Reasons for the “Great Omission” included:-

  • Forgetting what’s important – how much of our lives and churches’ ministry is geared to fulfilling the two Great Commandments?
  • Wrong priorities – loving other things more than the “main man” – buildings, services, traditions etc.
  • Belief over behaviour – Holding the correct doctrine, yet showing no noticeable difference in behaviour. “By your fruits, not by doctrine, shall you know them.”
  • Too busy – Thomas Merton said “To allow oneself to be carried away by a multitude of conflicting concerns, to surrender to too many projects, to want to help everyone in need is to succumb to violence.”
  • Being alien,or awkward to the prevailing culture.
  • A lack of inheritance – the cause of many problems in churches was a lack of discipleship and spiritual formation. Dallas Willard said: “When a person begins to step into Kingdom living, they begin to experience the joy of that life, begin to know solitude isn’t a deprivation; fasting is an opportunity to learn about how God nourishes us through his Word…Seek ye first the Kingdom of God. That means: seek meaningful, experiential interaction with God.”
    Spiritual formation was a whole life process dealing with change in every essential part of the person – it did not aim at controlling actions. “If you focus on action alone, you will fall into the deadliest of legalism and you will kill other souls and die yourself” (Dallas Willard). Roy said evangelicals had often fallen into legalism when they tried to obey Christ.
  • Being too prescribed with branded programmes and having a “plug and play mentality.”
  • Wrong means to wrong ends – the purpose of discipleship was not to grow the church – but rather to see God’s Kingdom grow. “It’s not Babel, about building our towers so we’ll become big institutions – it’s about Pentecost.
    ​“It is an issue for not only the local church but for our colleges. I am convinced that discipleship, spiritual formation etc is done primarily through imparting, inspiring, modelling, by example than by giving people information. I was from a non-church background but I was mentored by people who passionately loved God.”

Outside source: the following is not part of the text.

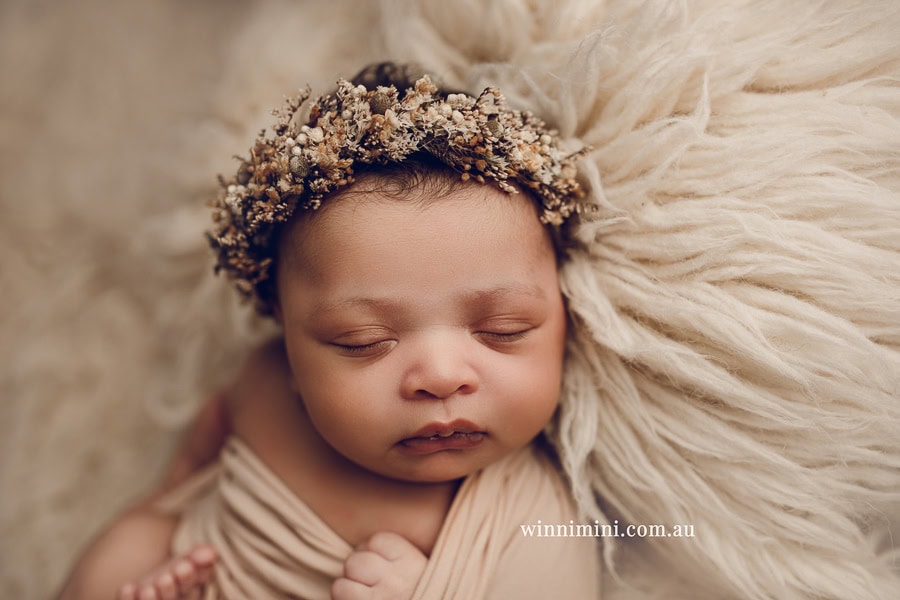 newborn baby family photographer tanha photography photograph photos photo babies gold coast brisbane the best family picture pictures tanha basile winni mini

The word “Disciple” meant student, apprentice, practitioner and according to Tom Wright, it appeared 269 times in the New Testament, whereas Christian was found only three times.
"We are apprenticed to Jesus in order to learn how to be like him,” said Roy. “Being a disciple means learning from Jesus how to live our lives in His Kingdom, where he rules and reigns.
“Following Christ is not a matter of being ‘religious’ but of reorienting our life in the direction of God.
“We are commanded to put off the old person and put on the new (Colossians 3 v 9-10; Ephesians 4 v 22-24). We are told to grow in the grace and knowledge of our Lord and Saviour Jesus Christ (2 Peter 3 v 18).
“We need to become more Christlike.”

Discipleship meant not only professing faith but applying what it meant to follow Jesus.
“Let generosity not austerity be the characteristic of the church of Jesus Christ,” he said. “Our minds need to be transformed – Don’t copy the behaviour and customs of this world, but let God transform you into a new person by changing the way you think.”

So what does this look like in the life of the Church? How do we implement these commands?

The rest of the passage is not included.